Blog: A taste of what you may find on Maui

How to get around vacation rental service fees

Have you booked a vacation rental recently? If you’ve booked through Airbnb, Vrbo or the likes, you will have paid service fees. We advertise through Vrbo and Airbnb, truthfully we get the majority of our bookings through these booking platforms. There are additional booking sites, but these are the two we use and are familiar with.

service fees

How much is the service fee?

Both booking platforms charge the travelers a service fee as a percentage of the rental amount. With Vrbo it ranges from 6-12% of the rental amount. The total used to cap at $499, however in the past few years that cap was quietly lifted. In reviewing my bookings, I have one where the service fee is $586 for a two week booking. In addition to that, owners pay either a flat $499/year or 5% of booking income. Airbnb is free to owners to advertise, but charges travelers a cool 14.2% service fee on the rental. Both platforms charge the owners a credit card transaction fee of 3%.

Each guest who books one of our condos signs a rental agreement. In it we detail the nightly rate, fees and taxes among other things. We do not list the service fee. It is not covered by our rental agreement (we do not receive any of it). Should you cancel your booking, it will depend on the booking platform if they refund their service fee.

What value do service fees provide you?

I realize that there are costs involved in running a booking site, absolutely.

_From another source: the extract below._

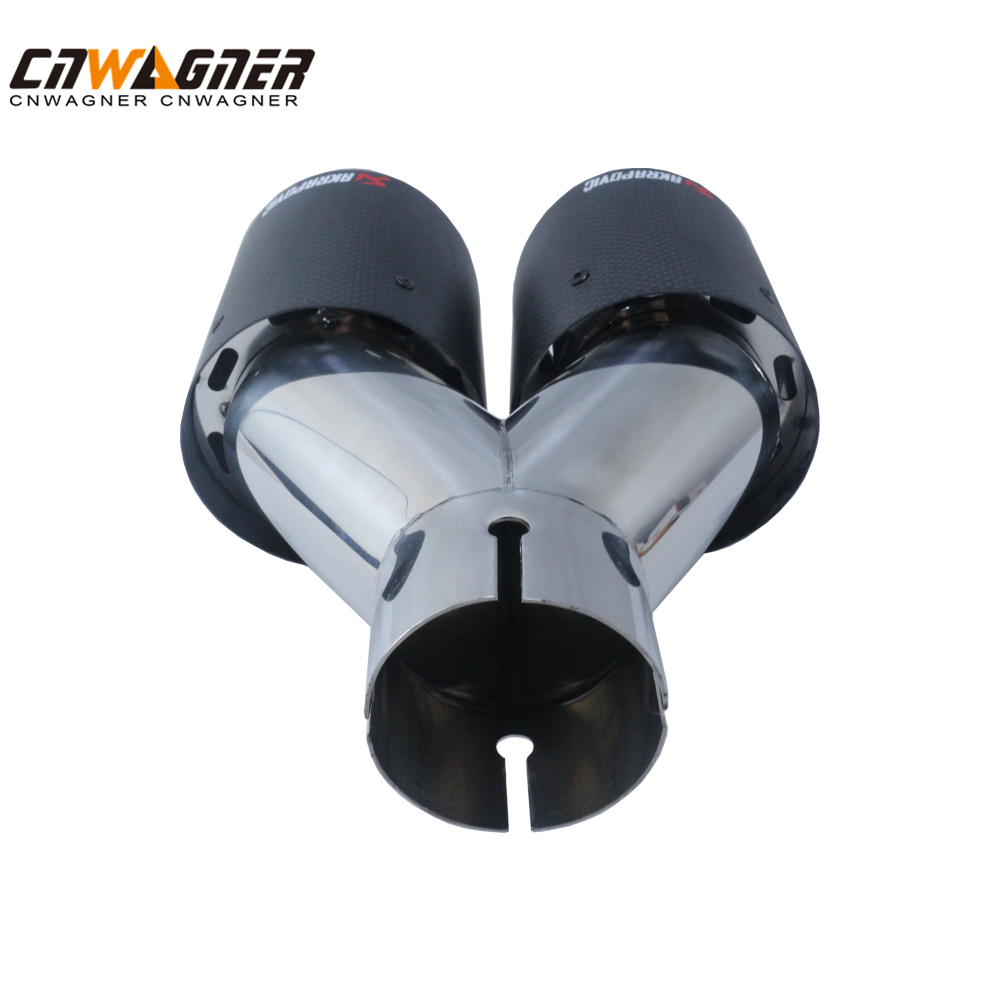 Silenciador de garganta trasera CNWAGNER, silenciador de escape de motocicleta de acero inoxidable, rizado doble para motocicleta Universal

Here are the services the booking sites say they provide travelers for the service fee:

Vrbo states: ‘This fee helps cover the cost of secure transactions, product development, and 24/7 customer service. Additionally, when a guest pays through our site, they are eligible for the Book with Confidence Guarantee.’

Airbnb similarly: ‘To help Airbnb run smoothly and to cover the costs of the products and services we provide, like 24/7 customer support, we charge a service fee when a booking is confirmed.’

Should you avoid the service fee?

If you have an established relationship with the condo owner, I would suggest you book direct and save the service fees. My rates are the same on Vrbo, Airbnb and book direct, the only difference being the service fee (of which I have no control). If friends or family have **recently** stayed at this condo and have an established relationship with the owner, you are probably fine to book direct.

Do search online to see if and how Vrbo or Airbnb have helped travelers when problems have occurred. Do the booking platforms actually help?

Why doesn’t the owner offer to book direct when you inquire via Vrbo or Airbnb?

When I list my properties on booking platforms, I agree not to take any of their bookings off-site (as this will cost the platform their service fees). As much as I would prefer to take your booking direct, the booking platforms can (and will) delist my properties if I’m found out. At this time I depend on them for bookings, so I am unable to take this risk. However….. I sprinkle the condo’s name throughout the listings. Some travelers pick up on this, google the condo by name (‘Palms at Wailea 503’) and find my website, Facebook, Instagram or even Youtube channel – yay!

How to pay for your vacation rental

This is just common sense, but if this is your first time booking a particular condo from a particular owner, pay by credit card. This gives you some recourse should problems occur. Note that most credit card processors charge owners a 3% transaction fee. If you have a recent established relationship with the condo owner, ask about cash discounts and mail a check instead. I have a number of repeat guests who do this. Others prefer to collect the airmiles which is of course just fine.

A word of caution

Unfortunately fraud is a thing in the vacation rental industry. Criminals post fraudulent listings for non-existent properties, or properties they don’t own. You can find fraudulent listings on Vrbo, Airbnb, Craigslist, Facebook Marketplace…. everywhere you look to book. Please be careful, use common sense.

Besides blatant fraud, there is also a problem of misrepresentation. Old photos, poor upkeep, shoddy cleaning, poor management. Read reviews carefully.

Take the time to phone the owner listed – you would be surprised how many people don’t!

Purchase trip insurance

Please do purchase trip insurance. When you book your trip, you never know what may happen. We’ve seen job loss, death in family, illness, change in circumstances, divorce etc. Read through the fine print as policies do vary widely – it can cover CFAR (Cancel For Any Reason), medical, cancellation, etc. Prices will vary based on what they cover. I do not sell trip insurance. I have personally purchased through Travelguard for a European trip a number of years ago, though we didn’t need to make a claim, so I can’t vouch for how good it was.